G, the couple warned you in the Roosevelt
Hotel elevator that Awards Night thirty years
ago: Girl, your editor’s a P.O.W.
P.O.W.? you asked. Piece of work. He’ll burn
you hotter than a Tucson lover in August
and barbeque your heart.
You told me that story,
but we wandered New York all weekend
during a three-day poetry-love affair.
In your room we discussed Yeats versus Keats
and earthquakes of wisdom some seek
in words. You told me of collecting
the recordings of men you stopped loving,
like Mexican cokes. After the wine
spilled on the beige carpet, we laughed
at cupids on the wallpaper. The lamp
flickered like the strip club sign
across the street. I inhaled your rose perfume
and you fell into my brown eyes—
They’re deeper than Carlsbad, you said.
Then we said goodbye, held each other
until the plane almost closed its door,
and I wished you had chosen me over Chicago.

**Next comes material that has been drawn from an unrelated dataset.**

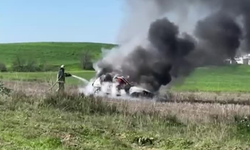 Antalya'da Eşinin Otomobilini Ateşe Verdi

We wrote for months, my address
changed, delayed your doodled letters.
I didn’t answer them and you stopped writing.
Decades later I regretted verifying the couple’s
prophecy. I sent you a postcard, spoke
deeper and slower than Nick Cave
to the machine of voices in your foyer.
I don’t blame you for ignoring my mea culpa, G,
but the reason I stopped writing?
I threw away a state of mind I loved no longer,
that no longer loved me, stopped catering
to my ego. My passion ran away from me
like a skittish cat. Sometimes, that’s all we have
anymore, G: the passion that appears,
deserts us, and returns, a boomerang on fire.